-- Opening Marker --

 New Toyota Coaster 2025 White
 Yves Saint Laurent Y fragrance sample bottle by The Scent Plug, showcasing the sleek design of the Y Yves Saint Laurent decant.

-- Closing Marker --
-- Opening Marker --

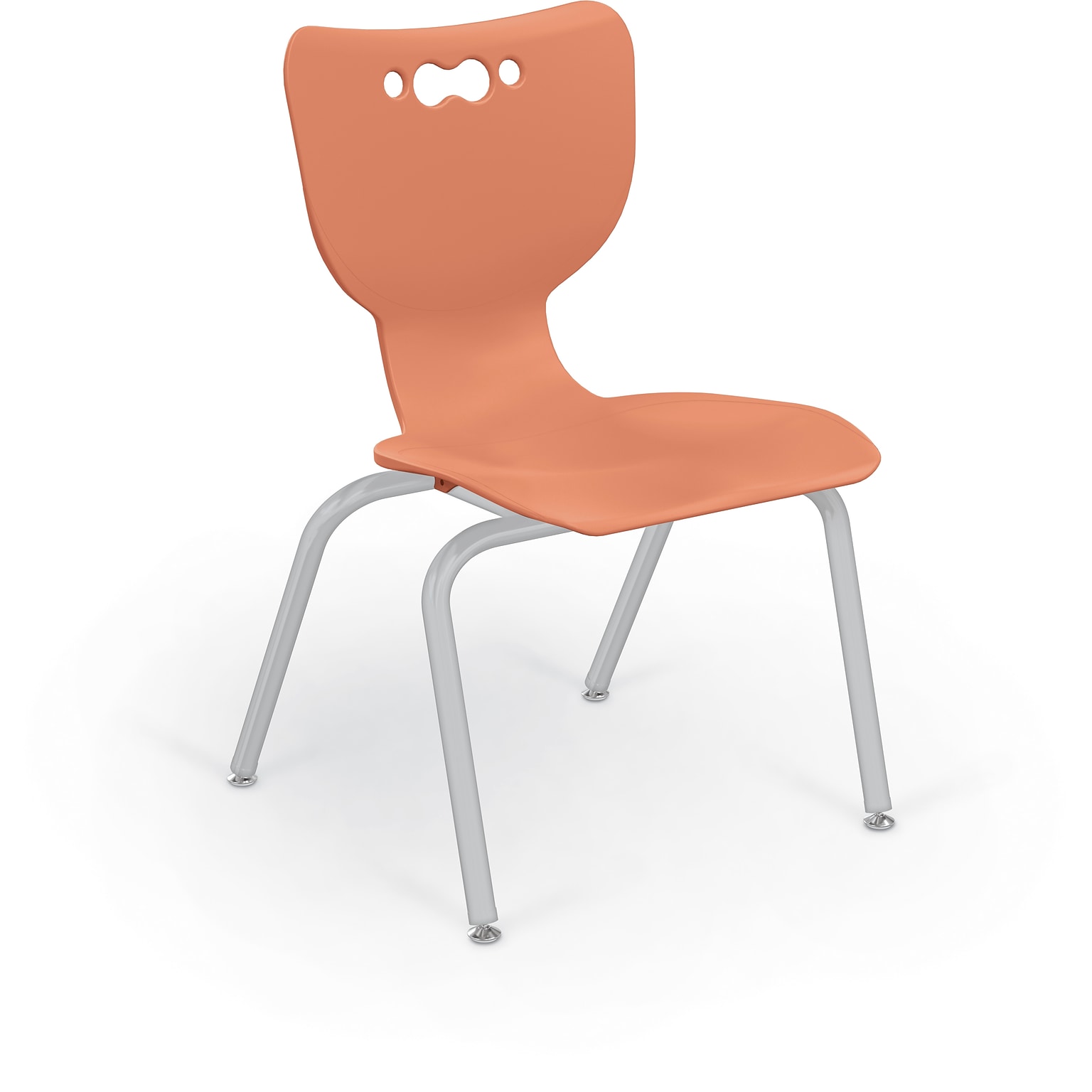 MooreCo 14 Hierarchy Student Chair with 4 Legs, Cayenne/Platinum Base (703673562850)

-- Closing Marker --

* _EXERCISE PROMPT_
Repeat exactly the lines of the listing above, from the one with "New Toyota Coaster 2025 White" down to the one with "Yves Saint Laurent Y"; both of those lines belong in the range.

* _ANSWER BOX_
 New Toyota Coaster 2025 White
 Yves Saint Laurent Y fragrance sample bottle by The Scent Plug, showcasing the sleek design of the Y Yves Saint Laurent decant.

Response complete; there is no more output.